> PROBLEM TO SOLVE:
Print exactly the lines that run from the first line of the material to the line containing "Hi guys. So", both ends included, and skip the pictures.

> SUPPLIED MATERIAL:

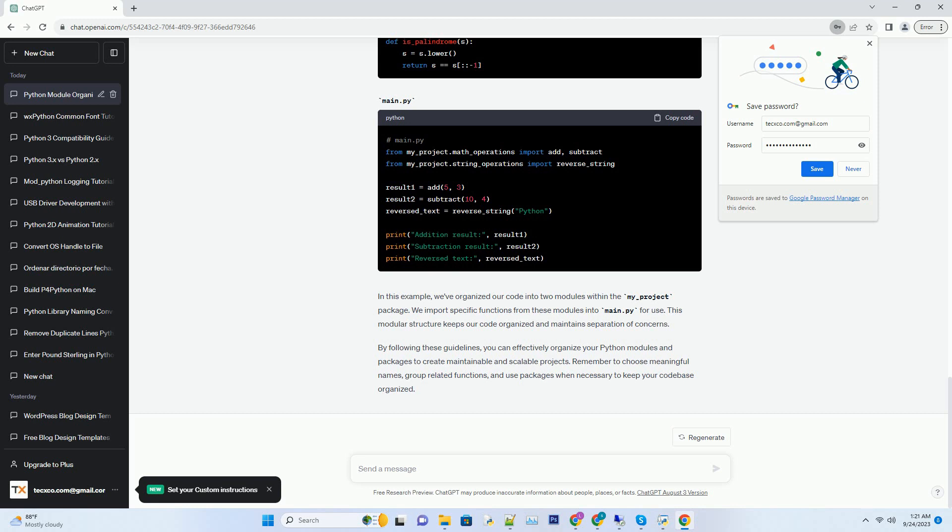In this example, we've organized our code into two modules within the my_project package. We import specific functions from these modules into main.py for use.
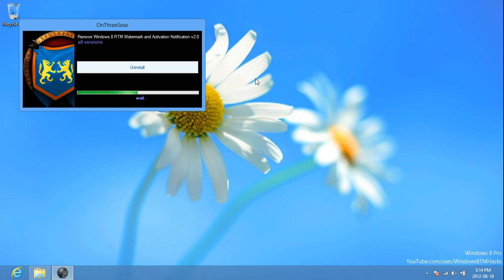Then once it's finished, just click reboot now and the watermark will be removed.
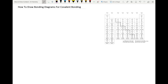Hi guys. So what we're going to be looking at today is how to draw bonding diagrams for things which covalently bond. It is the non-metals which covalently bond — things which are on the right-hand side of the periodic table. They covalently bond so that their outer electron shells get to a full or stable arrangement.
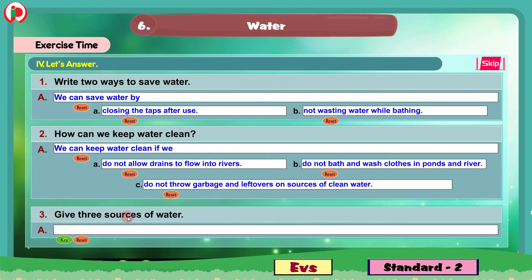Question 3: Give three sources of water. The answer is rain, rivers, ponds and lakes are the sources of water.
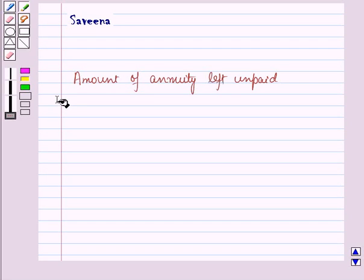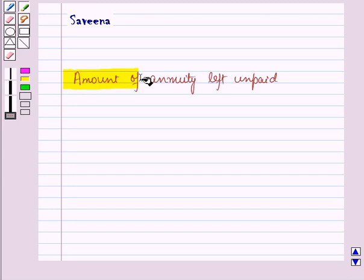Hello and welcome to the session. In this session, first of all, let us discuss the amount of NUD left unpaid.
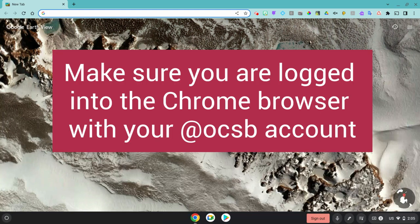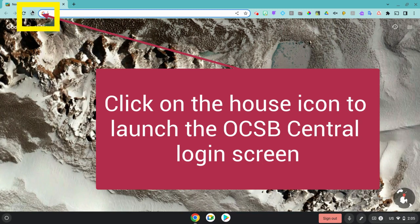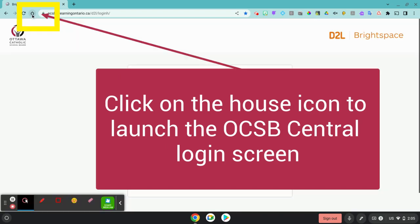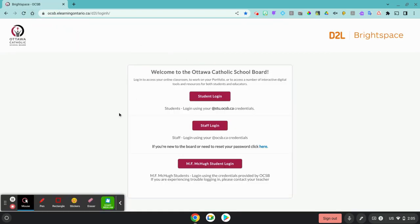To launch OCSB Central, make sure you are logged into the Chrome browser using your atocsb.ca account. At the top of your window, click on the house. This will automatically launch the OCSB Central landing page.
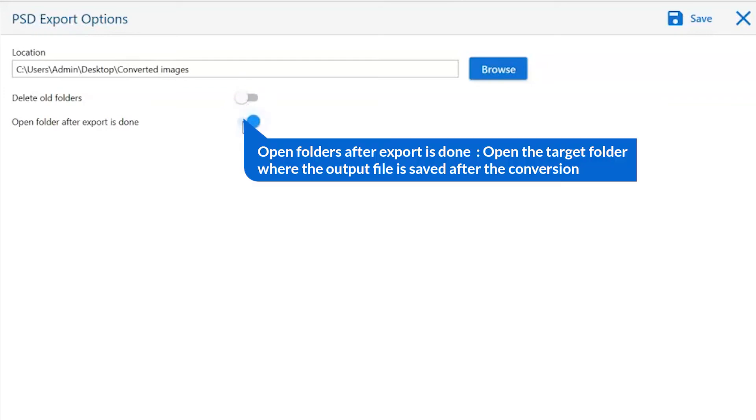Open folder after export is done automatically opens the final result after conversion is done.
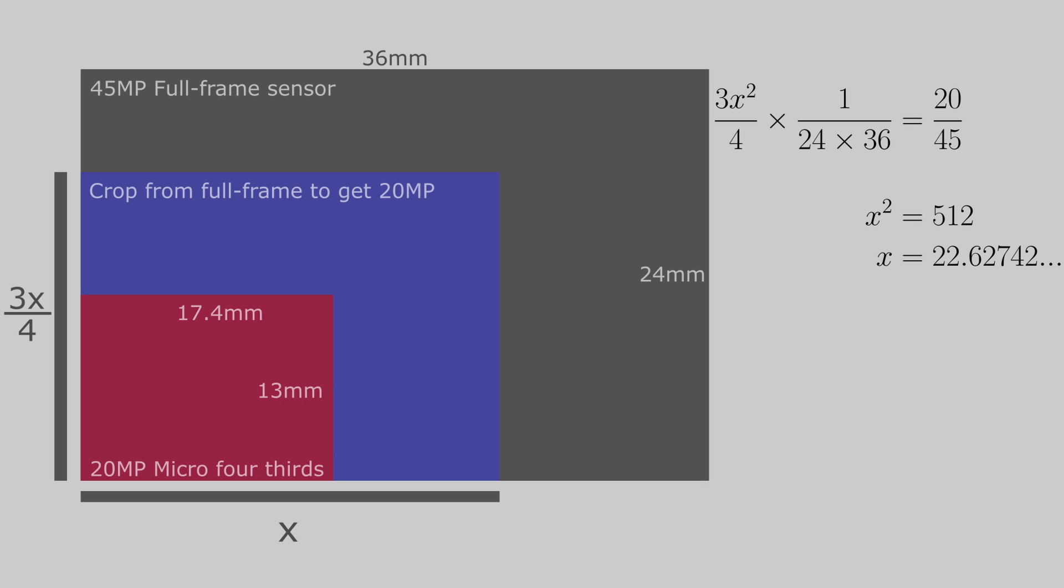Taking this number x and dividing it by the length of the micro four-thirds sensor gives us the crop factor we are looking for. That crop factor is approximately 1.3.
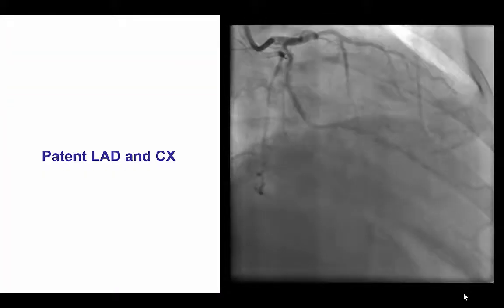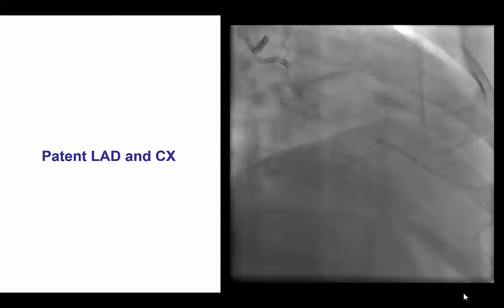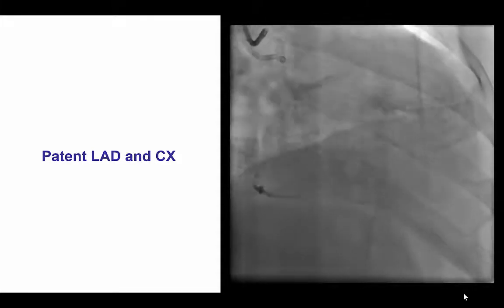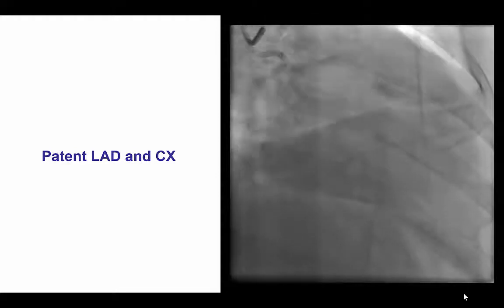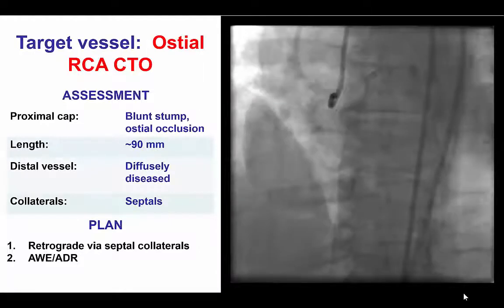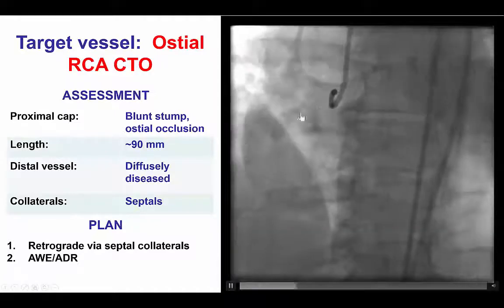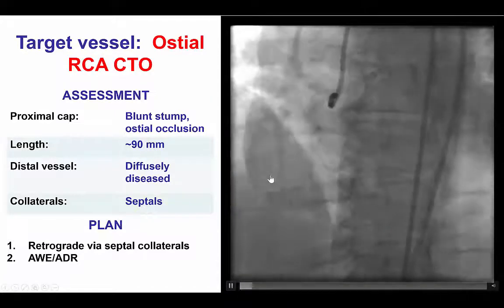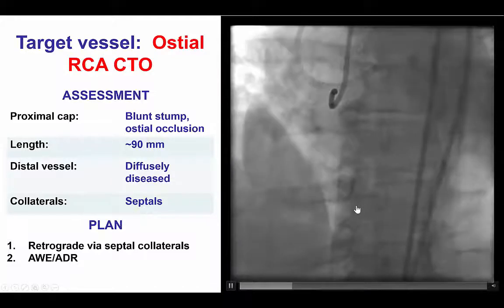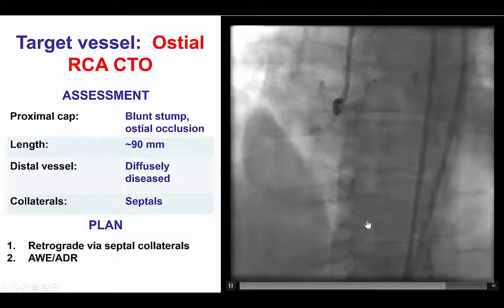This was a patient who had an ostial RCA CTO that had been previously failed. He had patent LAD as well as circumflex vessels, with septal and epicardial collaterals supplying the right coronary artery. The RCA was occluded at its ostium, proximal to a previously placed stent. The occlusion length was long, approximately 90 mm, with a diffusely diseased distal vessel and septal and epicardial collaterals to the distal vessel.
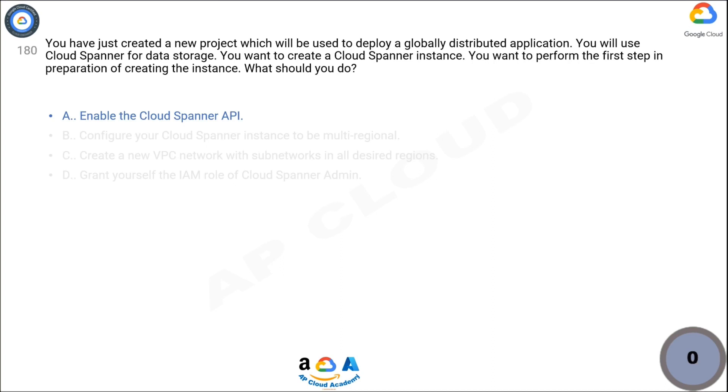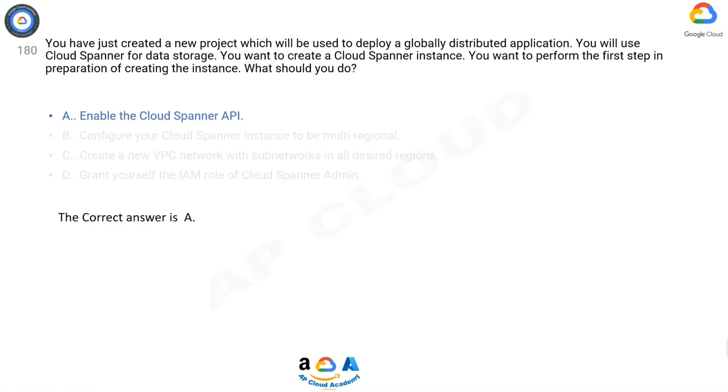The correct answer is A. If you use CLI, then the API would have to be enabled manually. If you use Cloud Spanner UI, API is auto-enabled when you click create new instance on Cloud Spanner UI.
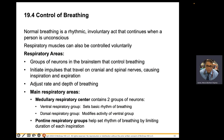The brain controls breathing through respiratory centers. The medullary respiratory area comprises the ventral respiratory group (VRG), which sets the basic rhythm of 12–20 breaths per minute, and the dorsal respiratory group (DRG), which modifies VRG activity when needed. The pontine respiratory group (PRG) modulates the VRG by limiting the duration of inspiration.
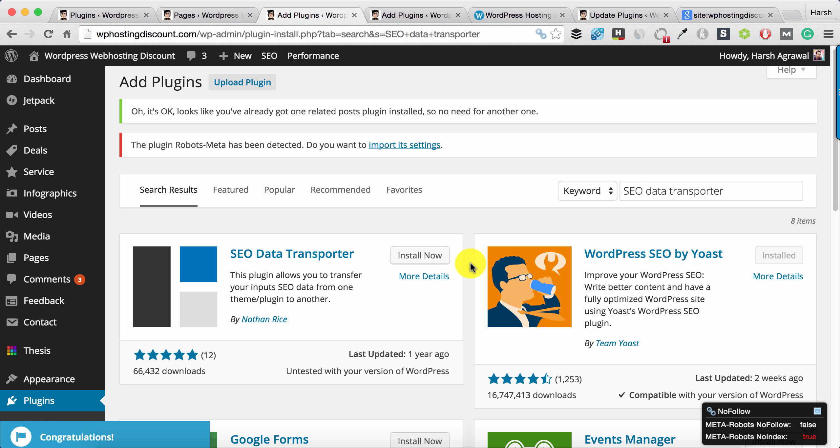I have been using Thesis theme for long and I think it's a mistake from my end that I was relying on the SEO settings for a theme. Now Thesis theme is not being updated so often, so I started using SEO by Yoast. The challenge here is to transfer all the SEO settings from Thesis to SEO by Yoast.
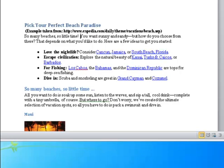So many beaches, so little time. You want sunny and sandy—but how do you choose from there? That depends on what you'd like to do. Here are a few ideas to get you started:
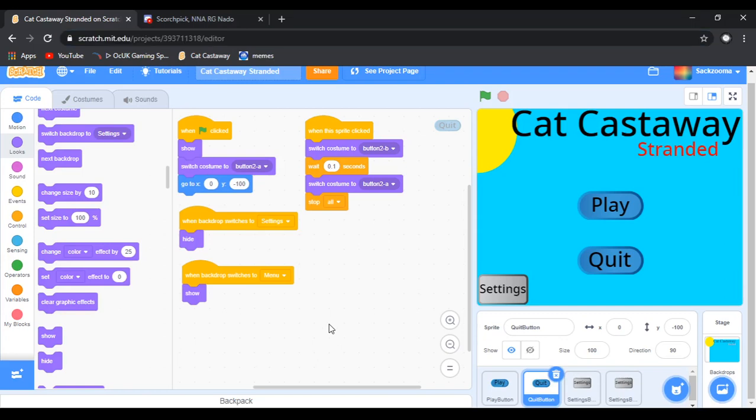Hello everyone, welcome back to another video on the Drupal Studios YouTube channel. Today we're going to be continuing our Scratch tutorial, focusing on the settings menu.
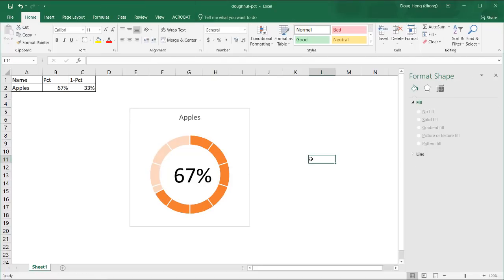So this is the way that we can create a donut chart and show percentage complete and make it look nice. We can put it into slides or put on a web page or use it for some kind of infographic. So I hope that helps. Thanks for watching.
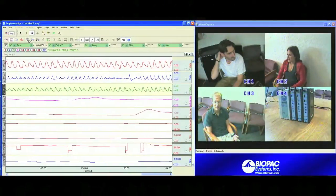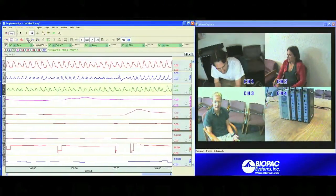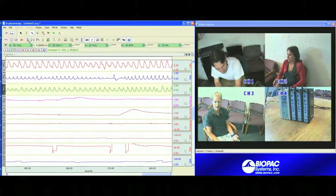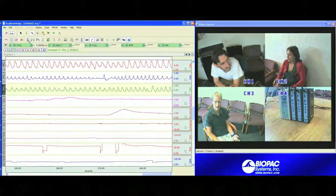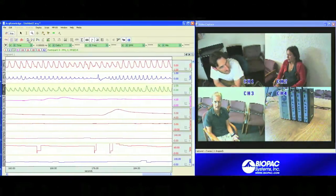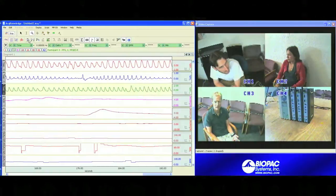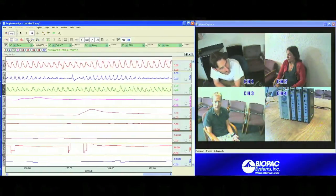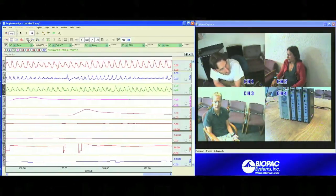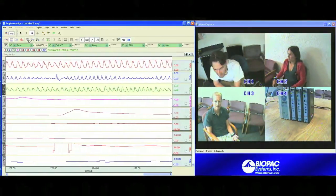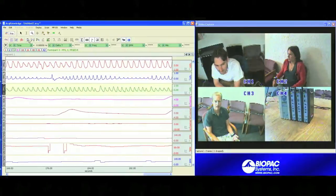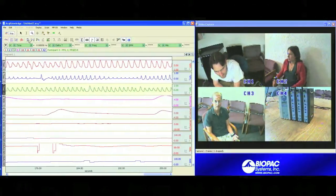Here you can see the live data being recorded from our 3 participants. On the right hand side of your screen you'll see the video capture window showing the 4 camera views. On the left hand side of the screen you'll see the Acknowledge software capturing the pulse, skin conductance, and pulse rate data from each of our participants.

> TASK RESULT:
In this example, we've organized our code into two modules within the my_project package. We import specific functions from these modules into main.py for use.
Then once it's finished, just click reboot now and the watermark will be removed.
Hi guys. So what we're going to be looking at today is how to draw bonding diagrams for things which covalently bond. It is the non-metals which covalently bond — things which are on the right-hand side of the periodic table. They covalently bond so that their outer electron shells get to a full or stable arrangement.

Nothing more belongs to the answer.